- ASSIGNMENT
Only the pictures are to be left out; return the rest of the data exactly as it stands.

::: DATA SUPPLIED

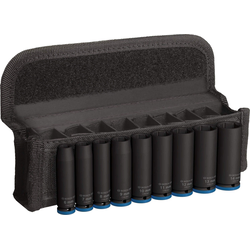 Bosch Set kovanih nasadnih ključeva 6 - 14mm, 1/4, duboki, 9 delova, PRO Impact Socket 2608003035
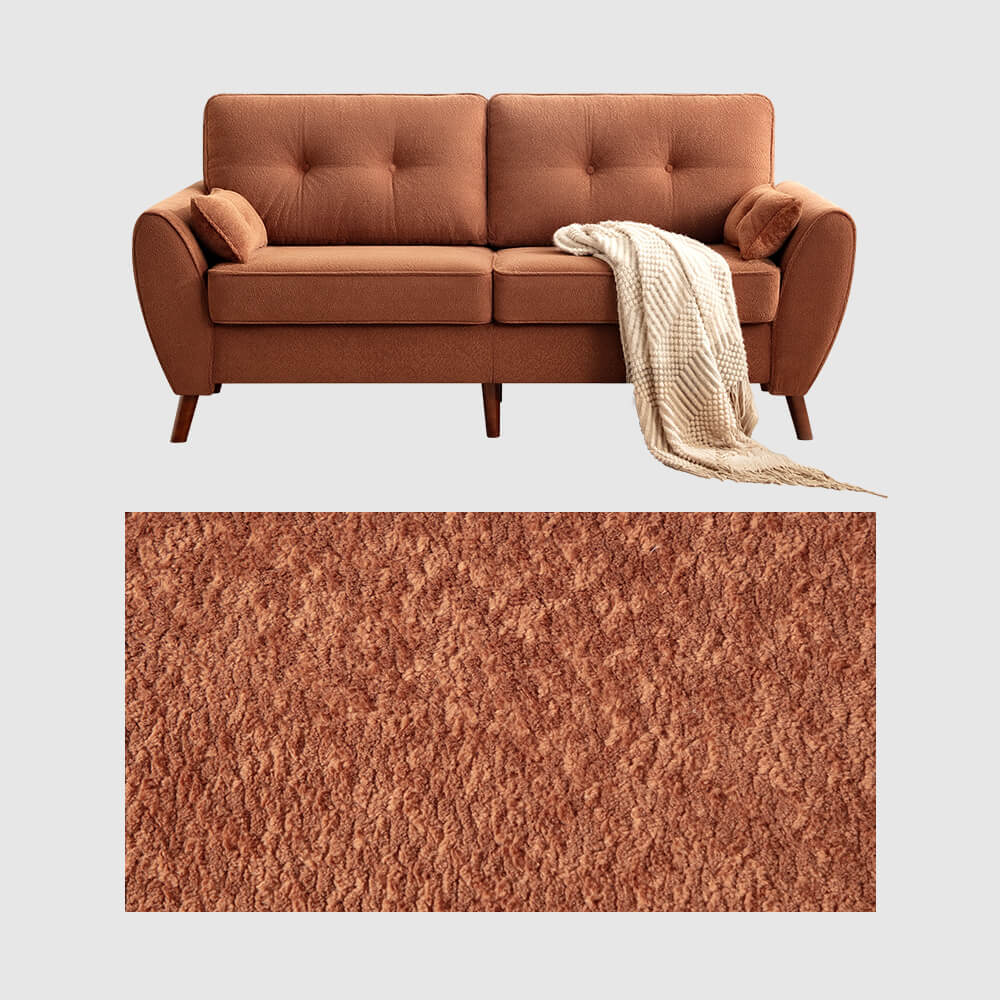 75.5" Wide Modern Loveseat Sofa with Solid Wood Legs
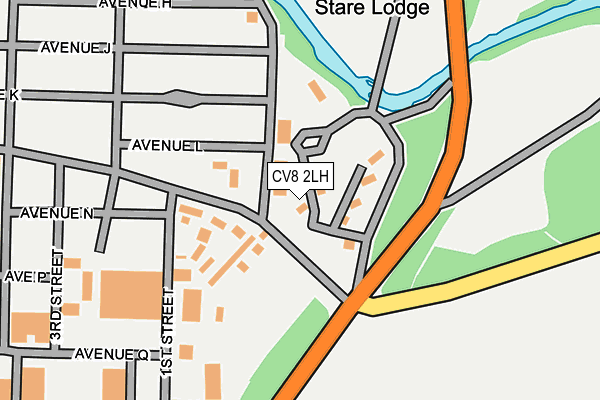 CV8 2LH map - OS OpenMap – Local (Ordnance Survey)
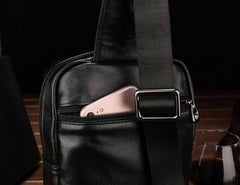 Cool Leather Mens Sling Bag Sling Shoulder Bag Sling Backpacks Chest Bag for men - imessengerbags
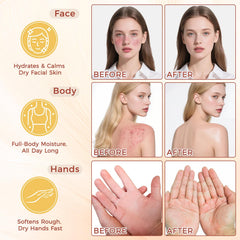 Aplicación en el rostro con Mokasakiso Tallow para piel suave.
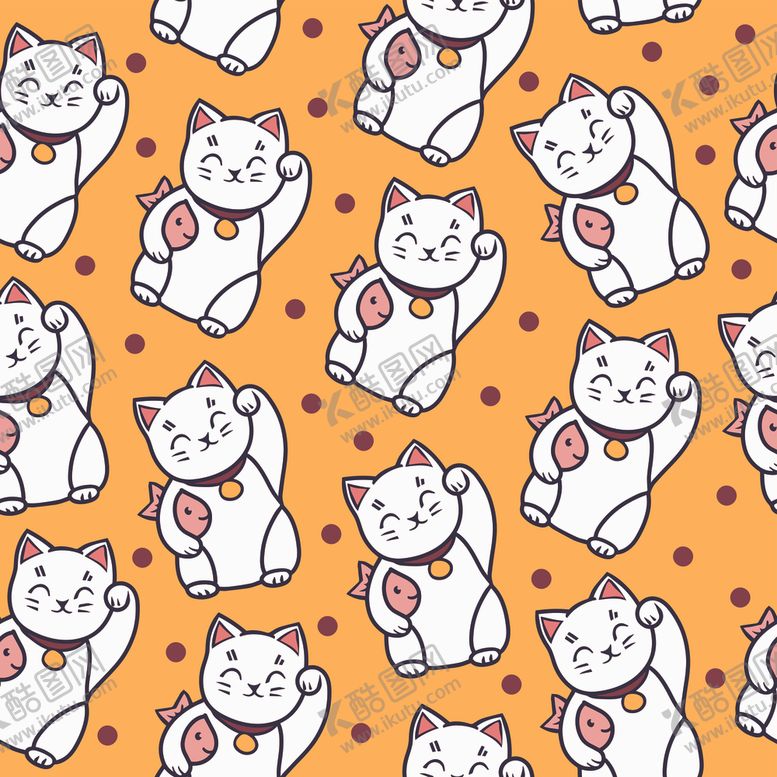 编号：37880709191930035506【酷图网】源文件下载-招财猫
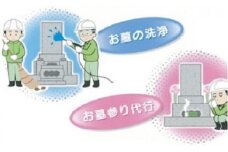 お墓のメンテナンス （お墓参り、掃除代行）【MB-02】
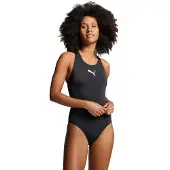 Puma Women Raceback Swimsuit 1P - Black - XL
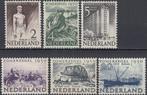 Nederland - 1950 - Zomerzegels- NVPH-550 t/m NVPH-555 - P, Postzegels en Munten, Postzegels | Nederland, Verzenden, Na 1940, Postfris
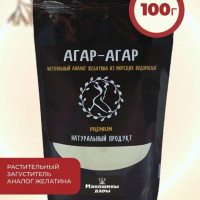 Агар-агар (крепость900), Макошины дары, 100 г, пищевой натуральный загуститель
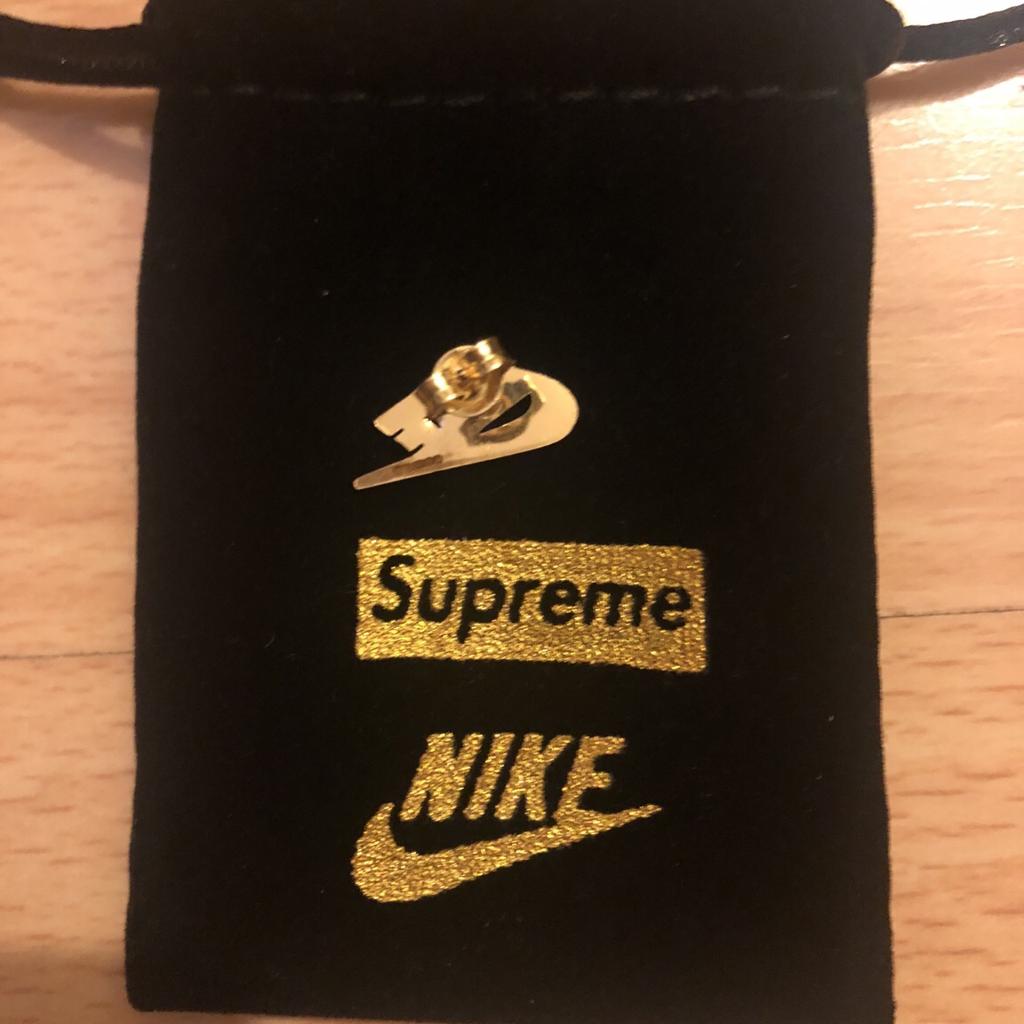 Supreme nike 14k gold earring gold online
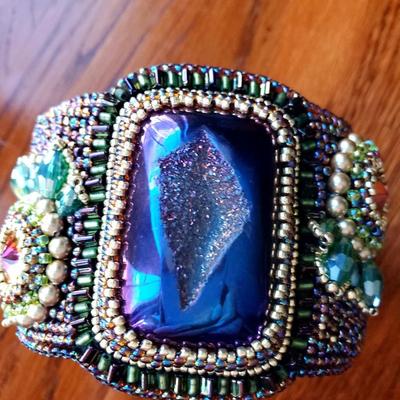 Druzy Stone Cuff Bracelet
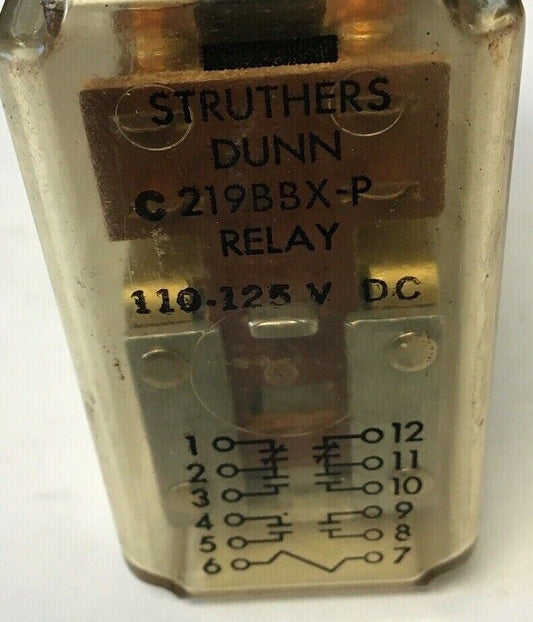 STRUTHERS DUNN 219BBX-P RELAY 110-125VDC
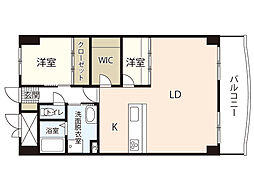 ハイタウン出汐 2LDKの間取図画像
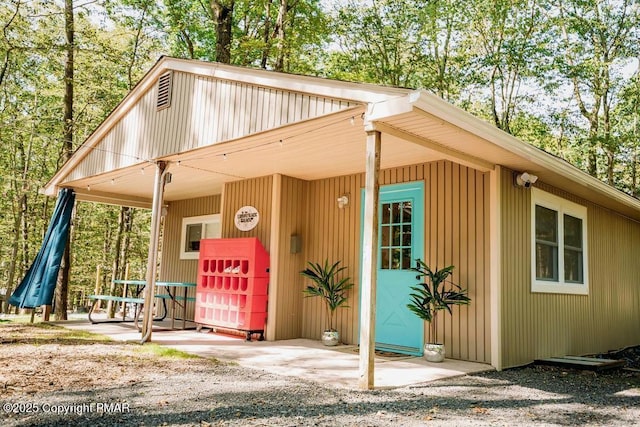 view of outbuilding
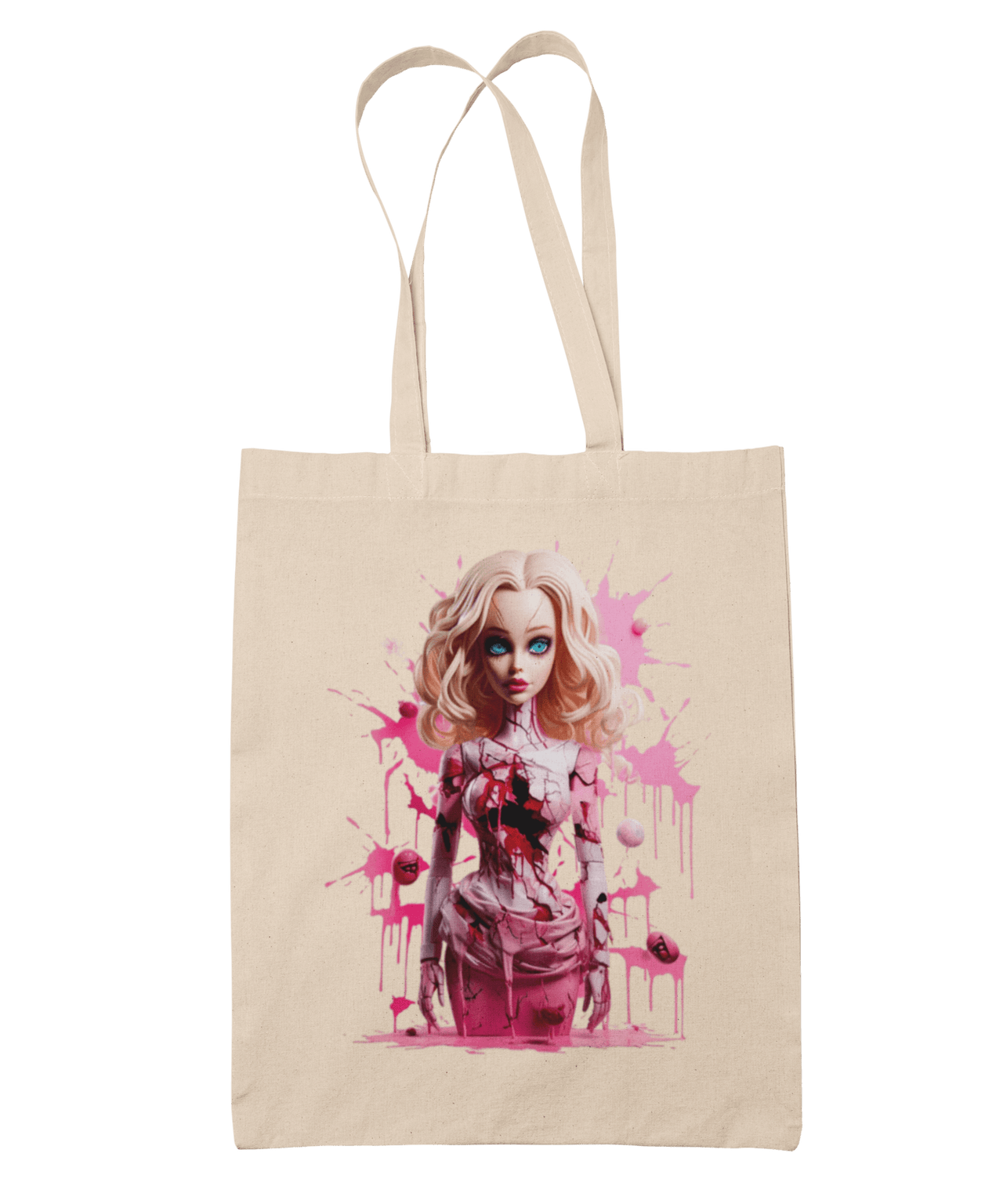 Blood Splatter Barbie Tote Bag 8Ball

::::::

- RESPONSE
 Bosch Set kovanih nasadnih ključeva 6 - 14mm, 1/4, duboki, 9 delova, PRO Impact Socket 2608003035
 75.5" Wide Modern Loveseat Sofa with Solid Wood Legs
 CV8 2LH map - OS OpenMap – Local (Ordnance Survey)
 Cool Leather Mens Sling Bag Sling Shoulder Bag Sling Backpacks Chest Bag for men - imessengerbags
 Aplicación en el rostro con Mokasakiso Tallow para piel suave.
 编号：37880709191930035506【酷图网】源文件下载-招财猫
 お墓のメンテナンス （お墓参り、掃除代行）【MB-02】
 Puma Women Raceback Swimsuit 1P - Black - XL
 Nederland - 1950 - Zomerzegels- NVPH-550 t/m NVPH-555 - P, Postzegels en Munten, Postzegels | Nederland, Verzenden, Na 1940, Postfris
 Агар-агар (крепость900), Макошины дары, 100 г, пищевой натуральный загуститель
 Supreme nike 14k gold earring gold online
 Druzy Stone Cuff Bracelet
 STRUTHERS DUNN 219BBX-P RELAY 110-125VDC
 ハイタウン出汐 2LDKの間取図画像
 view of outbuilding
 Blood Splatter Barbie Tote Bag 8Ball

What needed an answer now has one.